I was busy highlighting and taking notes during a recent course at the Theology of the Body Institute when I was startled to hear Christopher West say, “Suppose there is someone who is incredibly drawn to…I don’t know…antique glass.” What!? I couldn’t believe my ears and dropped my pen. “Why is he drawn to this glass?” West continued. “Who knows, but know this: God is at the source of the attraction.”
The topic that morning was prayer in the Christian life and how the theology of the body can point us toward a deeper understanding of prayer. I knew I needed to listen up because my husband’s love of — yes, American brilliant cut glass — was literally filling up our home.

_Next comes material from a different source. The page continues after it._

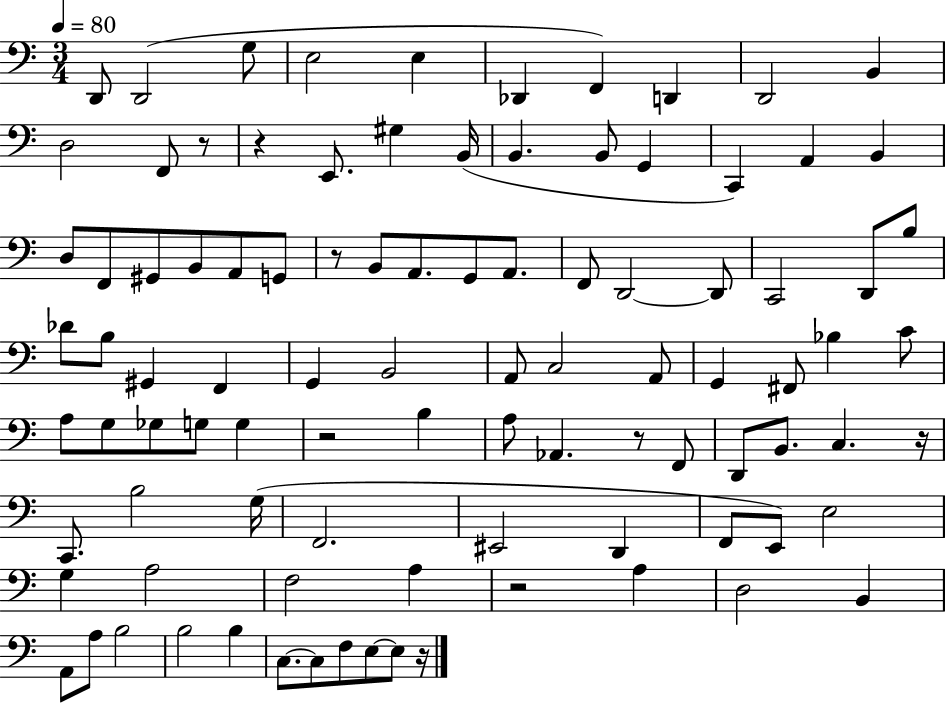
D2/e D2/h G3/e E3/h E3/q Db2/q F2/q D2/q D2/h B2/q D3/h F2/e R/e R/q E2/e. G#3/q B2/s B2/q. B2/e G2/q C2/q A2/q B2/q D3/e F2/e G#2/e B2/e A2/e G2/e R/e B2/e A2/e. G2/e A2/e. F2/e D2/h D2/e C2/h D2/e B3/e Db4/e B3/e G#2/q F2/q G2/q B2/h A2/e C3/h A2/e G2/q F#2/e Bb3/q C4/e A3/e G3/e Gb3/e G3/e G3/q R/h B3/q A3/e Ab2/q. R/e F2/e D2/e B2/e. C3/q. R/s C2/e. B3/h G3/s F2/h. EIS2/h D2/q F2/e E2/e E3/h G3/q A3/h F3/h A3/q R/h A3/q D3/h B2/q A2/e A3/e B3/h B3/h B3/q C3/e. C3/e F3/e E3/e E3/e R/s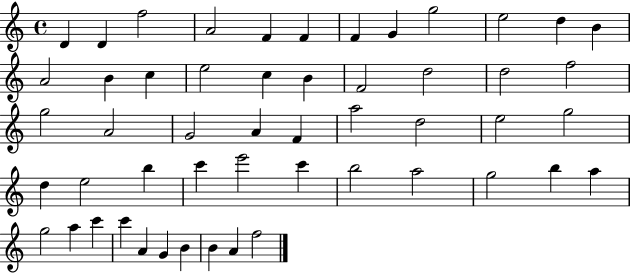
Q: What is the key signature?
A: C major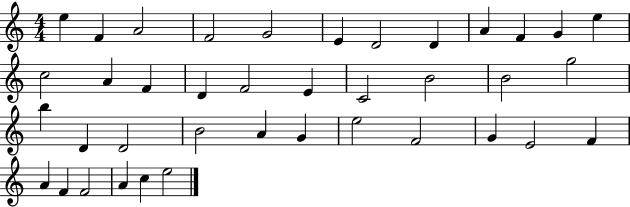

This exchange came after pointing out that prayer is motivated by “the ‘love of beauty’ [that] is caught up in the glory of the living and the true God” (CCC 2727), and West was encouraging us to grow in prayer by focusing on that which awakens our hearts. God speaks to us through the things we find beautiful. Pope John Paul II wrote in his 1999 Letter to Artists that “following created beauty where it leads takes us to an infinite ocean of beauty, where wonder becomes awe, exhilaration and unspeakable joy.” In other words, God Himself is Beauty.
I do find my husband’s glass collection beautiful. Stunning even. I approached West at the break and asked him why, of all things he could have used as an example, he chose antique glass. “No idea; it just popped in my head,” he said. But he encouraged me to be supportive of finding God in the glass. “It could be as simple as God knows Greg loves the artistry and skill of this particular type of art, and has provided it to him in abundance to show the beautiful truth that He loves Greg in abundance!”
West encouraged the class to look for the beauty that catches our hearts, be it in creation, music, art, literature. But it is important that “the sign leads you to the Signifier.”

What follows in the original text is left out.